Although I have never used goggles other than my io's, they are freaking amazing and NEVER fogged on me. Changing lenses is fantastically quick, and they have a unique look to them that other goggles don't have.


----------



## IBZ (Jan 4, 2011)

I love my POC Lobes. It has NEVER fogged on me, ever. Incredibly comfortable, huge spherical frameless design and makes you look like a jet pilot. Stand out from the Oakley and Smith crowd.


----------



## HoboMaster (May 16, 2010)

Qball said:


> The
> 
> They're coming out with a an I/O type frameless goggle


I've seen them, they looks absolutely stupid, like your fucking landing on the moon...


----------



## Rufus (Nov 7, 2008)

legallyillegal said:


> feenoms dont compare to the eg2 in terms of size


You're correct that they don't compare in terms of overall size but the Feenoms do have a wide field of vision that competes with the EG2. The Feenoms are not as wide vertically but the horizontal field of view is great. I love the look of the Smith I/O but for me the EG2 and Feenom fit much better.


----------



## HoboMaster (May 16, 2010)

Rufus said:


> You're correct that they don't compare in terms of overall size but the Feenoms do have a wide field of vision that competes with the EG2. The Feenoms are not as wide vertically but the horizontal field of view is great. I love the look of the Smith I/O but for me the EG2 and Feenom fit much better.

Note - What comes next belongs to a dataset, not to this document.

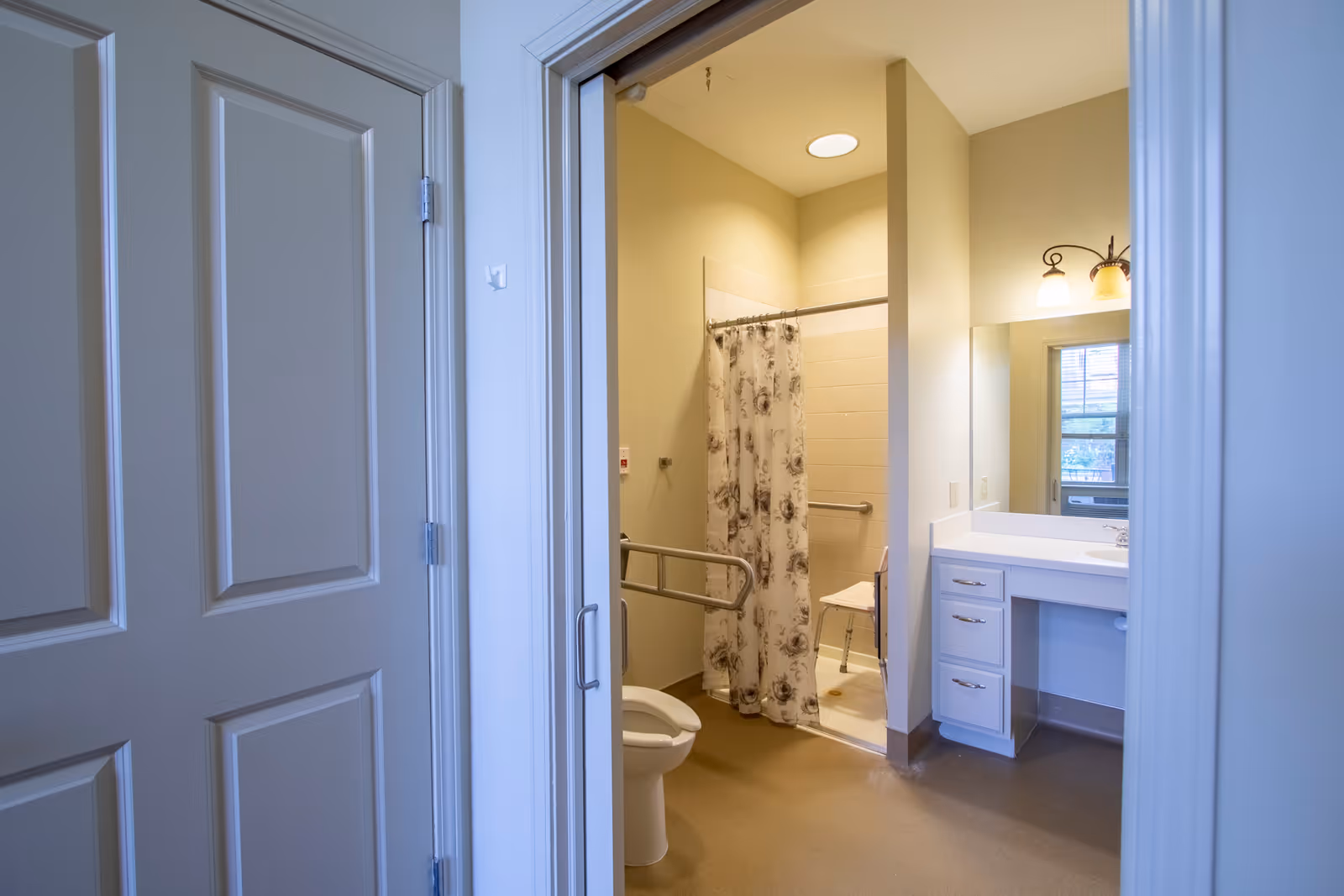 View into a bathroom with a toilet, a shower area with a floral shower curtain and a shower chair, a vanity with drawers and a large mirror, and a window reflecting outside light. The bathroom has beige walls and a brown floor.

I really liked the Smith I/O as well, but they didn't fit that great, so I ended up with a pair of Oakley Splices.


----------



## 865'boarder (Sep 17, 2010)

Ashbury's have a pretty wide frame and I know quite a few people who really like them. I've heard good things about the EG2 from a some people too. I had some oakley A frames the past few seasons and never really liked em. I just got my ashbury's in today and I put them on and they are much wider (vertically and horizontally) than the A frames and the field of vision is greater which is nice. They're really comfortable too. I got mine for around $50 bucks shipped so I'm happy with em. Gonna try em out this summer at HCSC


----------